Nexstar Media Group reported $1.4 billion [3] in revenue for the first quarter of 2026 during an earnings call on May 7 [4].
The financial results and the completion of the TEGNA acquisition signal a push by the company to compete with big-tech firms and legacy media organizations. By expanding its footprint, Nexstar aims to stabilize its broadcasting reach and diversify its revenue streams in a volatile advertising market.
Net income per share for the period was $5.09 [1], while adjusted earnings per share, accounting for non-recurring costs, reached $6.15 [2]. The company reported these figures for the quarter ending March 31, 2026.

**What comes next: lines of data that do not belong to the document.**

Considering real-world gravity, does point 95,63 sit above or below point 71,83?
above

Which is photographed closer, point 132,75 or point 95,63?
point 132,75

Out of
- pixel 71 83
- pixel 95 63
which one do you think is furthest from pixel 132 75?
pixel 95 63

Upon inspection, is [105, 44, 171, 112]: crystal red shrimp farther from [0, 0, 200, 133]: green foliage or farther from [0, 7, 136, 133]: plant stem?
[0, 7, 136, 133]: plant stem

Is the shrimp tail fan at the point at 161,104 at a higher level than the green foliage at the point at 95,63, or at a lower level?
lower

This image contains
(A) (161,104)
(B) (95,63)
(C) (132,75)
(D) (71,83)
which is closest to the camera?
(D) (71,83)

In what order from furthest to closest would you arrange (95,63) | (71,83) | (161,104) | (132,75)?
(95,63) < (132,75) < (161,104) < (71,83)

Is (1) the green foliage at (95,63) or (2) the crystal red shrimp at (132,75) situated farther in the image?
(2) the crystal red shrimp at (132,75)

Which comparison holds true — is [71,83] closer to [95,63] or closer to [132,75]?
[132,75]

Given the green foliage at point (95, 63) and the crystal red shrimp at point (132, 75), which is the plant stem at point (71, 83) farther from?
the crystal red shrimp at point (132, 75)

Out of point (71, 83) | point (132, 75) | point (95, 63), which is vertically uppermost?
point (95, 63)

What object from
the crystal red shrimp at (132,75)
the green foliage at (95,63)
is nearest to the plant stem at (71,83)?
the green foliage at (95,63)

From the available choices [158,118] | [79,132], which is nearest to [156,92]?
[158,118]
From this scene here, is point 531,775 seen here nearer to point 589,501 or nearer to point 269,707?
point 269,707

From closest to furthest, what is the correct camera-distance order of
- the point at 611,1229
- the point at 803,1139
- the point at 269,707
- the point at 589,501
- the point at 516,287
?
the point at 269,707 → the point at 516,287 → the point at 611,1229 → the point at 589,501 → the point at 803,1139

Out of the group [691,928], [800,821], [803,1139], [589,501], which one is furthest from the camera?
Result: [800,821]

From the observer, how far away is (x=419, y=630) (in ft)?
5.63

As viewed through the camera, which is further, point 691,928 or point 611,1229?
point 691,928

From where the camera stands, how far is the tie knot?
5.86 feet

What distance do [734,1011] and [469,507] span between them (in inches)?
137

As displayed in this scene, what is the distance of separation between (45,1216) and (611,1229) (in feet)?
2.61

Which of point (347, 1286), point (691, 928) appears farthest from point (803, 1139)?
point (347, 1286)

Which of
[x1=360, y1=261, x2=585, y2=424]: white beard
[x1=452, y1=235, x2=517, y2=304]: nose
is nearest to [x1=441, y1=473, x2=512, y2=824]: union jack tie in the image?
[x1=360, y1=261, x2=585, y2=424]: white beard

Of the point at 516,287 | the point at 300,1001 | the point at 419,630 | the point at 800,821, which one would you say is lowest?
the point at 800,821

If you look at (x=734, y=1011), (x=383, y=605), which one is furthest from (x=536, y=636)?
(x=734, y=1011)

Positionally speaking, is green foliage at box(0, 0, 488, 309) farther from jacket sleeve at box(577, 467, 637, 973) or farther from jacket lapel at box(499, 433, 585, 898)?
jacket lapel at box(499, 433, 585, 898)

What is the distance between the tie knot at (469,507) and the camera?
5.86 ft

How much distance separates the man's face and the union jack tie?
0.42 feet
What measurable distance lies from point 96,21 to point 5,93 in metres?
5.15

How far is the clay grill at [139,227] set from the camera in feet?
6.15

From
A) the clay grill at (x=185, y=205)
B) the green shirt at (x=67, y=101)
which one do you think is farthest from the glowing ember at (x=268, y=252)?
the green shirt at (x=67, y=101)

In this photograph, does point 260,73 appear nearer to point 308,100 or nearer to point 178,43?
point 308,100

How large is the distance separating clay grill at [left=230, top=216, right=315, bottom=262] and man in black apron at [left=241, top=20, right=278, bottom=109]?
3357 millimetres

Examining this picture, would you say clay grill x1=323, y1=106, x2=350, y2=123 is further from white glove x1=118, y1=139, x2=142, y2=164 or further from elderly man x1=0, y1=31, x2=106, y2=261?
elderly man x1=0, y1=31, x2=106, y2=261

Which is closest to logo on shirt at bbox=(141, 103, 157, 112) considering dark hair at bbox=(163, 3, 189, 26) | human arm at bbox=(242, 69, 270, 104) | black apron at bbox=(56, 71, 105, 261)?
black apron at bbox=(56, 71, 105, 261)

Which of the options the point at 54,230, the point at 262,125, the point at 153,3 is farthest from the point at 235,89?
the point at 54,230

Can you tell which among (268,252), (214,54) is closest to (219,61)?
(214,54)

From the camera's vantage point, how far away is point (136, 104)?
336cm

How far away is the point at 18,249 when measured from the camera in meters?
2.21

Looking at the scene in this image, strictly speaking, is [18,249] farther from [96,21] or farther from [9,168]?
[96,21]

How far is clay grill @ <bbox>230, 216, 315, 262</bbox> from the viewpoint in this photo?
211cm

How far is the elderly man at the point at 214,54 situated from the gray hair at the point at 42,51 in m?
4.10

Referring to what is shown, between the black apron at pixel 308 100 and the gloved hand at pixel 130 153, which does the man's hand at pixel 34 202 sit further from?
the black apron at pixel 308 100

"Nexstar hit the ground running in the first quarter of 2026, advancing our strategic priorities across multiple fronts," Perry Sook, founder, chairman and CEO, said.
A central component of this strategy is the acquisition of TEGNA. Although the company closed the deal following approval from the Department of Justice and the Federal Communications Commission, TEGNA currently operates as a separate subsidiary. This arrangement follows a court-ordered "hold separate" mandate that prevents the full integration of the two companies' operations for the time being.

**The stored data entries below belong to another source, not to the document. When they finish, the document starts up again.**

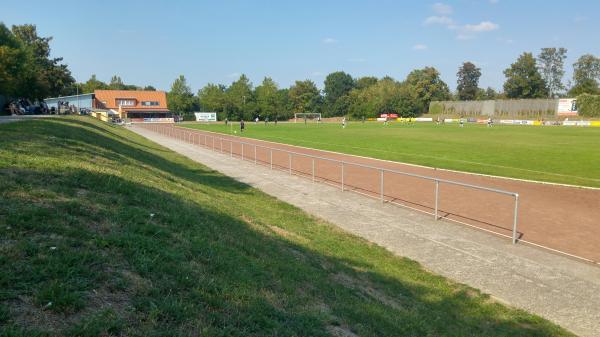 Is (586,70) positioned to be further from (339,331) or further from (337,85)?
(339,331)

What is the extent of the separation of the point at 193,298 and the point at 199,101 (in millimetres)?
138417

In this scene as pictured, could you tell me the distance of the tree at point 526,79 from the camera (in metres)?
131

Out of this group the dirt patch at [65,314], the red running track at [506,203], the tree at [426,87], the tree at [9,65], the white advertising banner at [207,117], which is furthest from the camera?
the tree at [426,87]

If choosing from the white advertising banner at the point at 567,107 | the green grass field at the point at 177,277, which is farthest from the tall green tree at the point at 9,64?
the white advertising banner at the point at 567,107

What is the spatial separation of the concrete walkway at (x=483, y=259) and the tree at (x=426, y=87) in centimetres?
12614

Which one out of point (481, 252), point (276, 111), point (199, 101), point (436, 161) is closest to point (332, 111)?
point (276, 111)

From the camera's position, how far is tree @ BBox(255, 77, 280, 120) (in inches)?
4690

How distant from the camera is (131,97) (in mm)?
112562

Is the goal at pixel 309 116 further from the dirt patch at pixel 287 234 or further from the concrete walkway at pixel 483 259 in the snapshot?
the dirt patch at pixel 287 234

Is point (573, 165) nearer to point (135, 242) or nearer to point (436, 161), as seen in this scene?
point (436, 161)

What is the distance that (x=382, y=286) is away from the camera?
22.5 feet

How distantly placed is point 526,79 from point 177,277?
147109 millimetres

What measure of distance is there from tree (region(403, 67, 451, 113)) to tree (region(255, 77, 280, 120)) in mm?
40896

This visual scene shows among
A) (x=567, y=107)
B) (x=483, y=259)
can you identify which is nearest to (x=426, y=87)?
(x=567, y=107) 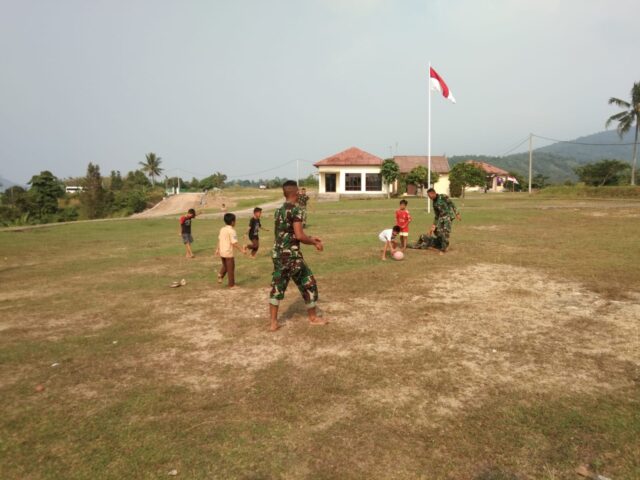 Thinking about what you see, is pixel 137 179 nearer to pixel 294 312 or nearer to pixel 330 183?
pixel 330 183

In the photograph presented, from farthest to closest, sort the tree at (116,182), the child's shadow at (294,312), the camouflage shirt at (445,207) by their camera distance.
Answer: the tree at (116,182) < the camouflage shirt at (445,207) < the child's shadow at (294,312)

Nexstar is also focusing on the financial health of The CW. Management set a target for the network to reach profitability by the fourth quarter of 2026. This goal comes as the company continues to restructure the network's content and distribution models to reduce losses.
Based in Irving, Texas, the company's leadership team, including COO Michael Biard and CFO Lee Ann Gliha, presented the results via a webcast at 10:00 a.m. ET [5]. The acquisition of TEGNA is described by management as a critical step to level the playing field against digital competitors.

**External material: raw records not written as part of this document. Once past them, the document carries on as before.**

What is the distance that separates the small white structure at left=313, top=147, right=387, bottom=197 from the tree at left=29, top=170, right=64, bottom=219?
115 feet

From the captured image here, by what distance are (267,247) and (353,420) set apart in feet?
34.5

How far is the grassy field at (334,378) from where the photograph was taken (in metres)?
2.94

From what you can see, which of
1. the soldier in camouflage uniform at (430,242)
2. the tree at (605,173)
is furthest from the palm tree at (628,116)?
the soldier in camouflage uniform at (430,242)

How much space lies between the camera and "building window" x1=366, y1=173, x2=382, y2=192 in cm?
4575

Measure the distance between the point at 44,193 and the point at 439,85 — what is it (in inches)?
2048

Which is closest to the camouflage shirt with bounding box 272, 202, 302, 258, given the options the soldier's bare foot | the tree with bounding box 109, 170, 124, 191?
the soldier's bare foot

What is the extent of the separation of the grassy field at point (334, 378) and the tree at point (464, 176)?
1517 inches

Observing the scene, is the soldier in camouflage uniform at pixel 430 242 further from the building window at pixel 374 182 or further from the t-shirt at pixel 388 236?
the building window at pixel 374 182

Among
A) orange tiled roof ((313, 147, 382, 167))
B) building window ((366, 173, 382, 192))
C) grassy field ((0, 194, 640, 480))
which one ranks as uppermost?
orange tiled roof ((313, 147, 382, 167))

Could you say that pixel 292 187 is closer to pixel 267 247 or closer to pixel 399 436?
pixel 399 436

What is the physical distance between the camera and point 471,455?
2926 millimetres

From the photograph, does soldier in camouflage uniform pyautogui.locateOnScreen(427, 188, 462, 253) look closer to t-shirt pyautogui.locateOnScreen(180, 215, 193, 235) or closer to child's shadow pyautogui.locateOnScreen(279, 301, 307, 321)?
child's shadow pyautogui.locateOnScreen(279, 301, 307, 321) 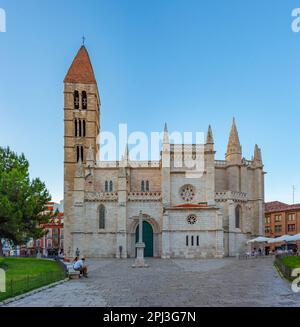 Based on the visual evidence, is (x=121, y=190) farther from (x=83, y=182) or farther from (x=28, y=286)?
(x=28, y=286)

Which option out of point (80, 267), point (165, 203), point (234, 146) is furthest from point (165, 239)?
point (80, 267)

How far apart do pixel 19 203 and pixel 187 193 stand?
65.4ft

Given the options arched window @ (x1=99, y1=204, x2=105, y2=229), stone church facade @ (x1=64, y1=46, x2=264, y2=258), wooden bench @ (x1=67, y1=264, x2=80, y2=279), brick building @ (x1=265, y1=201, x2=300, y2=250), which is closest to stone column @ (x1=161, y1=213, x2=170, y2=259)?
stone church facade @ (x1=64, y1=46, x2=264, y2=258)

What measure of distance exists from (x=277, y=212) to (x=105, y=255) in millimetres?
37275

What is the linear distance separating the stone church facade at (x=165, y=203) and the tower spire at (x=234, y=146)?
120mm

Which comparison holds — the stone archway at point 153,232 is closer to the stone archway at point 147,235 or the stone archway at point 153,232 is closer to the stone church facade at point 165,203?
the stone church facade at point 165,203

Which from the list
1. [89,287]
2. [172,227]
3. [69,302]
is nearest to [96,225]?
[172,227]

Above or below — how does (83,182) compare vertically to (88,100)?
below

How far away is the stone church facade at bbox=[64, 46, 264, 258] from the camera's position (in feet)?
148

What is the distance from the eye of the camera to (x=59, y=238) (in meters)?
79.2

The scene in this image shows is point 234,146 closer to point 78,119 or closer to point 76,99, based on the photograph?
point 78,119

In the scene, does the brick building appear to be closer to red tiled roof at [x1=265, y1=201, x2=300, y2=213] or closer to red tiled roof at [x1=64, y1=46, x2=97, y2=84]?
red tiled roof at [x1=265, y1=201, x2=300, y2=213]

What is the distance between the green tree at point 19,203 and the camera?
34.4 metres

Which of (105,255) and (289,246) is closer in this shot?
(105,255) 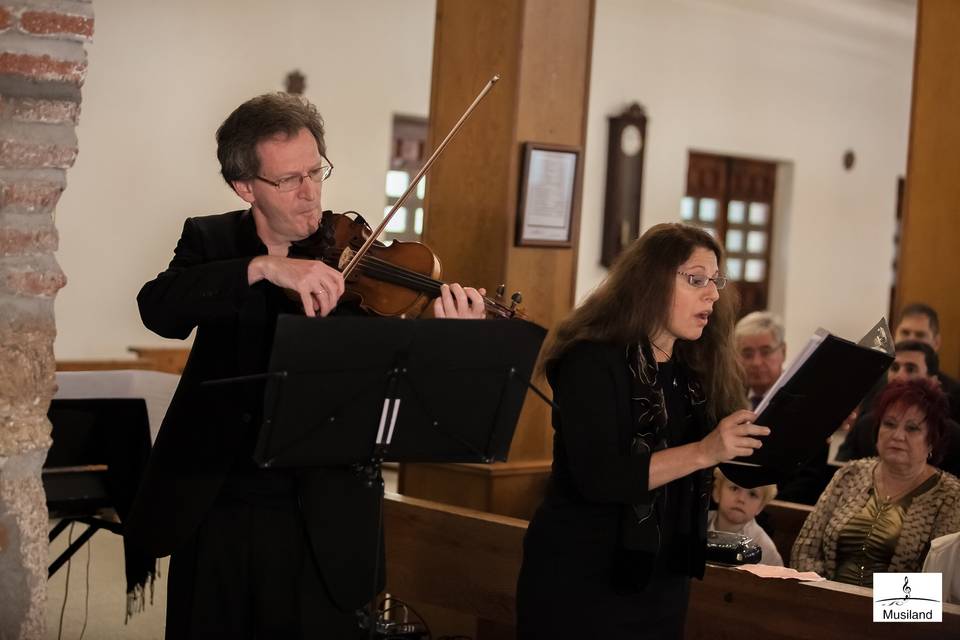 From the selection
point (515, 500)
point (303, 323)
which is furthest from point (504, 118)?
point (303, 323)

“"Nexstar hit the ground running in the first quarter of 2026, advancing our strategic priorities across multiple fronts."”
Nexstar's strategy centers on aggressive consolidation to gain scale against tech-driven advertising platforms. While the TEGNA acquisition provides a larger asset base, the court-mandated separation creates a temporary operational ceiling. The success of the company's 2026 trajectory depends on whether it can transition The CW from a cost center to a profit center by year-end.